1. Architecture: Form, Space, and Order (Francis D.K. Ching; 1975)

This book is classic introduction to the principles of architecture. It helps both students and practicing architects understand the basic vocabulary of architectural design by examining how form and space are ordered in the built environment.

2. A Pattern Language: Towns, Buildings, Construction (Christopher Alexander, Murray Silverstein, Sara Ishikawa; 1977)

The book creates a new language, what the authors call a pattern language derived from timeless entities called patterns. All 253 patterns together form a language. “Patterns“, the units of this language, are answers to design problems. This book will enable a person to make a design for almost any kind of building, or any part of the built environment.

3. The City in History: Its Origins, Its Transformations, and Its Prospects (Lewis Mumford; 1961)

The book shows how the urban form has changed throughout human civilization. It is an evaluation of city growth, how it came to be, and where it is heading, as evidenced by the final chapter Retrospect and Prospect.

4. SMLXL (Rem Koolhaas, Bruce Mau and Hans Werlemann; 1995 )

S,M,L,XL is a collection of essays, diary excerpts, travelogues, photographs, architectural plans, sketches, cartoons produced by Office for Metropolitan Architecture (O.M.A.).

5. Yes Is More: An Archicomic on Architectural Evolution (Bjarke Ingles; 2009)

Yes is More is a manifesto of architecture as seen by the Copenhagen-based group BIG, told in comic book form, unlike a classic architectural monograph.

6. Building Construction Illustrated (Francis D.K. Ching; 1975)

Clearly presents all of the basic concepts underlying building construction.
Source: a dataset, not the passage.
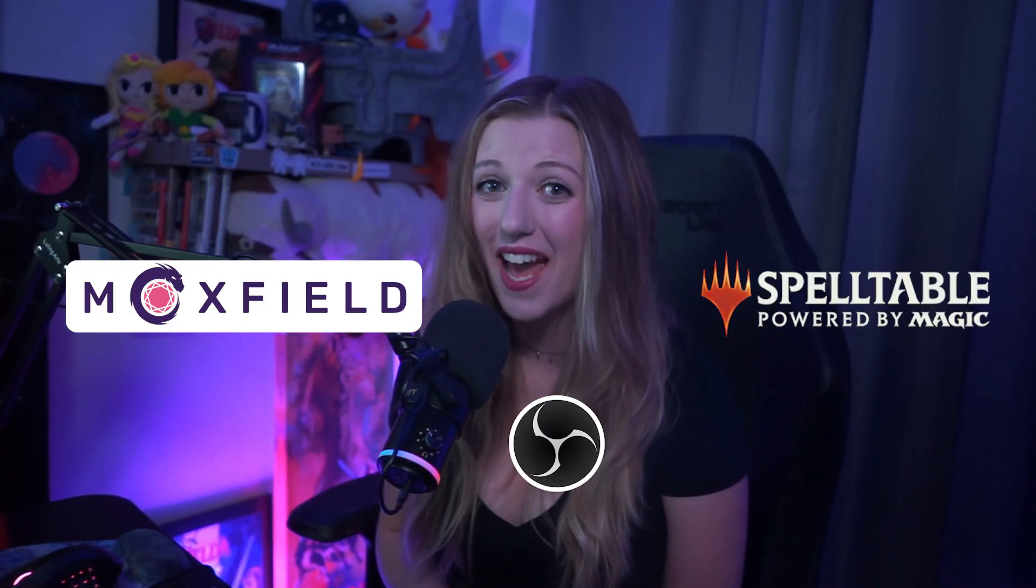Have you ever wondered if you could use the playtest feature on Moxfield to play virtually? I have good news for you, friend. Hey there, and welcome back to my channel. Today we'll be going through how to use Moxfield in Spelltable by utilizing the virtual camera function in OBS.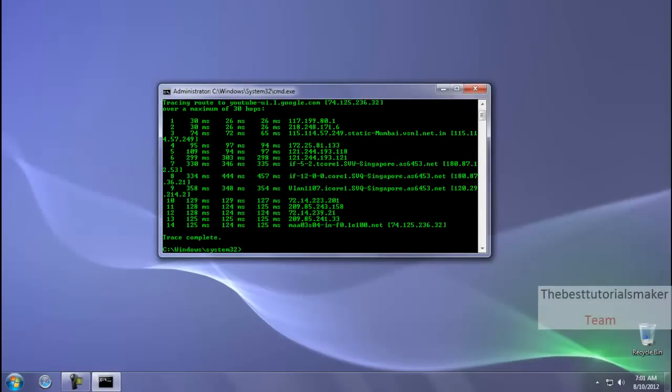Now as you can see, it is all done. Here is the IP address that you need — note it down. It is 74.125.236.32.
The book moves through each of the key stages of the design process, from site selection to building components, mechanical systems, and finishes.

7. The Death and Life of Great American Cities (Jane Jacobs, 1961)

The book is a critique of 20th century urban planning policy, which it says was responsible for the decline of many city neighborhoods in the United States. It provides an essential framework for assessing the vitality of all cities.

8. The Four Books of Architecture (Andrea Palladio; 1570)

The most successful architectural treatise of the Renaissance and one of the two or three most important books in the literature of architecture. First published in Italian in 1570, it has been translated into every major Western language.

9. Neufert Architects’ Data (Ernst Neufert; 1936)

The book provides, in one concise volume, the core information needed to form the framework for the more detailed design and planning of any building project.

10. The Ten Books on Architecture (Vitruvius Pollio; 15 BC)

The Ten Books on Architecture outlines building methods for everything from aqueducts and temples, to decorative plasterwork. Written in the first century BC, and dedicated to emperor Caesar Augustus, it is the only complete document of its kind.

11. Delirious New York, Retroactive Manifesto for Manhattan (Rem Koolhaas; 1978)

Rem Koolhaas’s celebration and analysis of New York depicts the city as a metaphor for the incredible variety of human behavior. At the end of the nineteenth century, population, information, and technology explosions made Manhattan a laboratory for the invention and testing of a metropolitan lifestyle — “the culture of congestion” — and its architecture.

12. The Timeless Way of Building (Christopher Alexander; 1979)

The book proposes a new theory of architecture (and design in general) that relies on the understanding and configuration of design patterns.